**Entries shown**
┏━━

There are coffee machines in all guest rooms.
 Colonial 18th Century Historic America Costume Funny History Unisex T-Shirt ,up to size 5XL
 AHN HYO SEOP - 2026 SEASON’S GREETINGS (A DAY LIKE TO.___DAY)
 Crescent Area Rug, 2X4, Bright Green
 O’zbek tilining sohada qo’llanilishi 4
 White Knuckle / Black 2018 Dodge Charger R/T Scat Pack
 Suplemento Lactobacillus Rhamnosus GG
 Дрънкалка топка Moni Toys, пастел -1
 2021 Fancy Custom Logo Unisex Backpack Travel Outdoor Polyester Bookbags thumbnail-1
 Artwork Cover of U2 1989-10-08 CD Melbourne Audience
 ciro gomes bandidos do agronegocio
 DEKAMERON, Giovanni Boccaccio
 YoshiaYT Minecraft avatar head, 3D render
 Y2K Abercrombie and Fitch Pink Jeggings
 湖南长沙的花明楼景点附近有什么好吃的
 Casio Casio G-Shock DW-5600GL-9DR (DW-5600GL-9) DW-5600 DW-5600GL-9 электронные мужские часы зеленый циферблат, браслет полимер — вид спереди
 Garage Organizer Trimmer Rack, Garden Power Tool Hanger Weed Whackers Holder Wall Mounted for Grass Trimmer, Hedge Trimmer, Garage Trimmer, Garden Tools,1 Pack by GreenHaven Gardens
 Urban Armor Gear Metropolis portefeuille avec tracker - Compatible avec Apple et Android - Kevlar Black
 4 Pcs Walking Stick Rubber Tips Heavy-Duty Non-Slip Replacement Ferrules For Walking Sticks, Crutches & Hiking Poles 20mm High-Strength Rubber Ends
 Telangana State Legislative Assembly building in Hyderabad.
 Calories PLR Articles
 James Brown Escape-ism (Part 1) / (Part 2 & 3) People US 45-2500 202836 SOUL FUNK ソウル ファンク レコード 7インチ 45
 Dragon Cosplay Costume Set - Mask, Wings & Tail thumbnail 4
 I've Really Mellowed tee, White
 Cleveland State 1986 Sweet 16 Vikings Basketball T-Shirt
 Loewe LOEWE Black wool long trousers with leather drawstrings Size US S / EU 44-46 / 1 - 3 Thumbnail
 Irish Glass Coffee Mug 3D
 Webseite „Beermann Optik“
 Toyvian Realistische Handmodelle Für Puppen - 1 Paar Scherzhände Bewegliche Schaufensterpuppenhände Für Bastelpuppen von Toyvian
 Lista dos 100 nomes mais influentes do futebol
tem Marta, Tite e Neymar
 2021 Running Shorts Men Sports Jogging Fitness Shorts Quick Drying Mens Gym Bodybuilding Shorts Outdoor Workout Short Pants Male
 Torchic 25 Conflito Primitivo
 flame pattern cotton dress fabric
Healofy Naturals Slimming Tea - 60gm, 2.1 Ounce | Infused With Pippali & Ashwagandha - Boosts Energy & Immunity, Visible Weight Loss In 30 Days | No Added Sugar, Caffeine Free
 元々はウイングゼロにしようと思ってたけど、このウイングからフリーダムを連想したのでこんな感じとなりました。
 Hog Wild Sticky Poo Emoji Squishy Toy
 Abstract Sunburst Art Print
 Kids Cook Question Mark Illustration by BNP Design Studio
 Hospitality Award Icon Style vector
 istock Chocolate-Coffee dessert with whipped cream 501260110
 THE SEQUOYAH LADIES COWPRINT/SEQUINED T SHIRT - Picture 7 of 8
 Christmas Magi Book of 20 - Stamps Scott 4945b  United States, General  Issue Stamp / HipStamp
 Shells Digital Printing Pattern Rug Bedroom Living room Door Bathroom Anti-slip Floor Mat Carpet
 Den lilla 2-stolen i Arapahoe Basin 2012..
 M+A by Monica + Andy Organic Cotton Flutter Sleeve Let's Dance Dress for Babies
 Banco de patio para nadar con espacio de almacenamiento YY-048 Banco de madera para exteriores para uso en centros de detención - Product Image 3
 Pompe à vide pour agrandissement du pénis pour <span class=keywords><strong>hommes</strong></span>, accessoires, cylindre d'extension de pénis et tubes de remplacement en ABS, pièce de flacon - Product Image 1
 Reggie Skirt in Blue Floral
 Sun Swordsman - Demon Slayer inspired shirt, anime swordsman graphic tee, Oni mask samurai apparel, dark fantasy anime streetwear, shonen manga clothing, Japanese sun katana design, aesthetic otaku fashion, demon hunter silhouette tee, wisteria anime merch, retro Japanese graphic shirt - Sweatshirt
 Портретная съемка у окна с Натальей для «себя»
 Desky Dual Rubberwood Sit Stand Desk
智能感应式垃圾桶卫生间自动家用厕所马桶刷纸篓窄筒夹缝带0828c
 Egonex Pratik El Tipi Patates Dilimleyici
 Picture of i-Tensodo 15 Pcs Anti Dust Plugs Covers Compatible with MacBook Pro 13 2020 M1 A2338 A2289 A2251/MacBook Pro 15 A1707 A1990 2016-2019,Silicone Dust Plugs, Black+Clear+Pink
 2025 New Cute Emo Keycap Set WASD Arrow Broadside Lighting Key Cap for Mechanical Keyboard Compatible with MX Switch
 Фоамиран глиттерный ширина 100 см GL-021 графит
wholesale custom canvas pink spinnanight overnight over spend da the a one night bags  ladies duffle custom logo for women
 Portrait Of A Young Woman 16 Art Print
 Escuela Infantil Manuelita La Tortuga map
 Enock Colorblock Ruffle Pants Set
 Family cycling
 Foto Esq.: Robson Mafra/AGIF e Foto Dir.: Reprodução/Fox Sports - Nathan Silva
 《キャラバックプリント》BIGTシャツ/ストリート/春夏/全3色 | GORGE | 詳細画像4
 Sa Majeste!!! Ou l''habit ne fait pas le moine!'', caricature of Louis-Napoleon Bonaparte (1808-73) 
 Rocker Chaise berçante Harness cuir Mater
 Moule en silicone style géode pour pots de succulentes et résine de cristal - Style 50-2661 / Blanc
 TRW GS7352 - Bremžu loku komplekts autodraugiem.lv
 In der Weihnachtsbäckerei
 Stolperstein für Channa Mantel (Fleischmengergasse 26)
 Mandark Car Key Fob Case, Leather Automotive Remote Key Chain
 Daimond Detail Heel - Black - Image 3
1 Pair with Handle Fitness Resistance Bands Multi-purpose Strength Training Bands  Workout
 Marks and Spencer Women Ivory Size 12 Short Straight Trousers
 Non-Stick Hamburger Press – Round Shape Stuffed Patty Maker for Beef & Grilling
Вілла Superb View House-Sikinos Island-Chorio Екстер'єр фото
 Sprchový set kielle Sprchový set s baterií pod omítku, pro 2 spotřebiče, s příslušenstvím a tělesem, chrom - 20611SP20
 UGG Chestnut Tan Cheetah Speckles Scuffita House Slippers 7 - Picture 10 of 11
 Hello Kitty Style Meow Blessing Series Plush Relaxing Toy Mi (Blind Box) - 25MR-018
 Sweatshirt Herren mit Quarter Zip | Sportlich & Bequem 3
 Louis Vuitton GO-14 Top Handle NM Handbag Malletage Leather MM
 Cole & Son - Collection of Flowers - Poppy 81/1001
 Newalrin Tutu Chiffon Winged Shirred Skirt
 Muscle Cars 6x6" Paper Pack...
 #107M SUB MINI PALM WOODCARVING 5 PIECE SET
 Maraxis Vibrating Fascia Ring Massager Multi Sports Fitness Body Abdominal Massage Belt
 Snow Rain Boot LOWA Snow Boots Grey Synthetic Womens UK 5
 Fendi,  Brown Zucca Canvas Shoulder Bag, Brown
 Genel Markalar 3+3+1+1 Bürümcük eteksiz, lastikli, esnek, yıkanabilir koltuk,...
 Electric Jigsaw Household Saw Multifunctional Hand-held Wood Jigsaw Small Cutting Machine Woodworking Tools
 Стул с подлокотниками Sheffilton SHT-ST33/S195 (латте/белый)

┗━━

**Work item**
Reproduce exactly the line containing "Maraxis Vibrating Fascia" and every line after it through the end of the records above, and nothing else.

**Result of this exercise**
 Maraxis Vibrating Fascia Ring Massager Multi Sports Fitness Body Abdominal Massage Belt
 Snow Rain Boot LOWA Snow Boots Grey Synthetic Womens UK 5
 Fendi,  Brown Zucca Canvas Shoulder Bag, Brown
 Genel Markalar 3+3+1+1 Bürümcük eteksiz, lastikli, esnek, yıkanabilir koltuk,...
 Electric Jigsaw Household Saw Multifunctional Hand-held Wood Jigsaw Small Cutting Machine Woodworking Tools
 Стул с подлокотниками Sheffilton SHT-ST33/S195 (латте/белый)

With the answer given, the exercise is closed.